Please copy each line of the data that includes the string "image".

[Available data]

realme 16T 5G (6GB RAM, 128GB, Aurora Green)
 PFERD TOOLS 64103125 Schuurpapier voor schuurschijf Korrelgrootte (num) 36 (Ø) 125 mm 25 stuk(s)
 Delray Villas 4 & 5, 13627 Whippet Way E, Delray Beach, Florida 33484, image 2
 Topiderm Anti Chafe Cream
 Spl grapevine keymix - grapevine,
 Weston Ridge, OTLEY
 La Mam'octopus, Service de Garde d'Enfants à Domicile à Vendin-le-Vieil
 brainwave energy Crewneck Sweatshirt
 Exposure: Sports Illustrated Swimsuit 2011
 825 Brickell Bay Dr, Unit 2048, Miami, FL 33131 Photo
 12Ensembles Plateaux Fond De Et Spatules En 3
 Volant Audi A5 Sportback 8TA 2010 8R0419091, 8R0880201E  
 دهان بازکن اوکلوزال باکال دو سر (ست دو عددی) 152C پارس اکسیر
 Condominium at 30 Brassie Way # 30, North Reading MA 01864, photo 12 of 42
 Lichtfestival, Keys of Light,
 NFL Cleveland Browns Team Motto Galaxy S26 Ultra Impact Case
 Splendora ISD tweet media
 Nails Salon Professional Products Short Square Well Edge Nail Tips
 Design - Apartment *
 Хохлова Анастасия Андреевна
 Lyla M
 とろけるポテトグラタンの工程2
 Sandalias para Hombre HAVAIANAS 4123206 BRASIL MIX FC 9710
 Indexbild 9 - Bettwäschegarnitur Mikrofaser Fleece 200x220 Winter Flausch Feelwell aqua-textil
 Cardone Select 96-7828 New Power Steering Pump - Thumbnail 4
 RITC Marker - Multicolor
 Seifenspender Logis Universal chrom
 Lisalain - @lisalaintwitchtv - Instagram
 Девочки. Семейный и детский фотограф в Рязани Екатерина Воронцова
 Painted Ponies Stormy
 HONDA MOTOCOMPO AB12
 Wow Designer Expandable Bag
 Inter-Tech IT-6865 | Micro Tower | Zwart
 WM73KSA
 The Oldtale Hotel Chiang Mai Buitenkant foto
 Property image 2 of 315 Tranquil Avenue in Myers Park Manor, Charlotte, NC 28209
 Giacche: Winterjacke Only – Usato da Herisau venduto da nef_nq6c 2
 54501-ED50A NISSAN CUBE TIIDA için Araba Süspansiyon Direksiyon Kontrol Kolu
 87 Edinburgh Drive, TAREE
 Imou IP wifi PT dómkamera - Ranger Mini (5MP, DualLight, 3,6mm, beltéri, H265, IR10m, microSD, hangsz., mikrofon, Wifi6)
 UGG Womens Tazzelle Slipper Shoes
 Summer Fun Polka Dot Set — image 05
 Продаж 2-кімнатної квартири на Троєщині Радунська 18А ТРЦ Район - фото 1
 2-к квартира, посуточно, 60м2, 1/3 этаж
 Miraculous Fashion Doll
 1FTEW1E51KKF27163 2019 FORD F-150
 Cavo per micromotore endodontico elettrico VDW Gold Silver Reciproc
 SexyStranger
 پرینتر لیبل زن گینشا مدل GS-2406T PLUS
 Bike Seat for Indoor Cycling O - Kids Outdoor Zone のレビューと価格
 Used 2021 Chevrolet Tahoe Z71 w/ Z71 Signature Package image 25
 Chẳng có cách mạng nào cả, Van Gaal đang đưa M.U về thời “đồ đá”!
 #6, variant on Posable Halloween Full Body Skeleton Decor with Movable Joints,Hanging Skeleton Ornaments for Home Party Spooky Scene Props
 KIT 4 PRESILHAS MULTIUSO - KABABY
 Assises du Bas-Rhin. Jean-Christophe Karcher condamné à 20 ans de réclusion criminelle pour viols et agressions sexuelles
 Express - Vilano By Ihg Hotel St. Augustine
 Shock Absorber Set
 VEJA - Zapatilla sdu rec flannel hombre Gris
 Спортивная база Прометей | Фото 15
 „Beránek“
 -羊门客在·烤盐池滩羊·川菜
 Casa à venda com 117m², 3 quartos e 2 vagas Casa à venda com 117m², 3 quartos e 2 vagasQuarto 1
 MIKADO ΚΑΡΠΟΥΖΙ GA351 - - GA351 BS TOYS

[/Available data]

Result for this exercise -
 Delray Villas 4 & 5, 13627 Whippet Way E, Delray Beach, Florida 33484, image 2
 Property image 2 of 315 Tranquil Avenue in Myers Park Manor, Charlotte, NC 28209
 Summer Fun Polka Dot Set — image 05
 Used 2021 Chevrolet Tahoe Z71 w/ Z71 Signature Package image 25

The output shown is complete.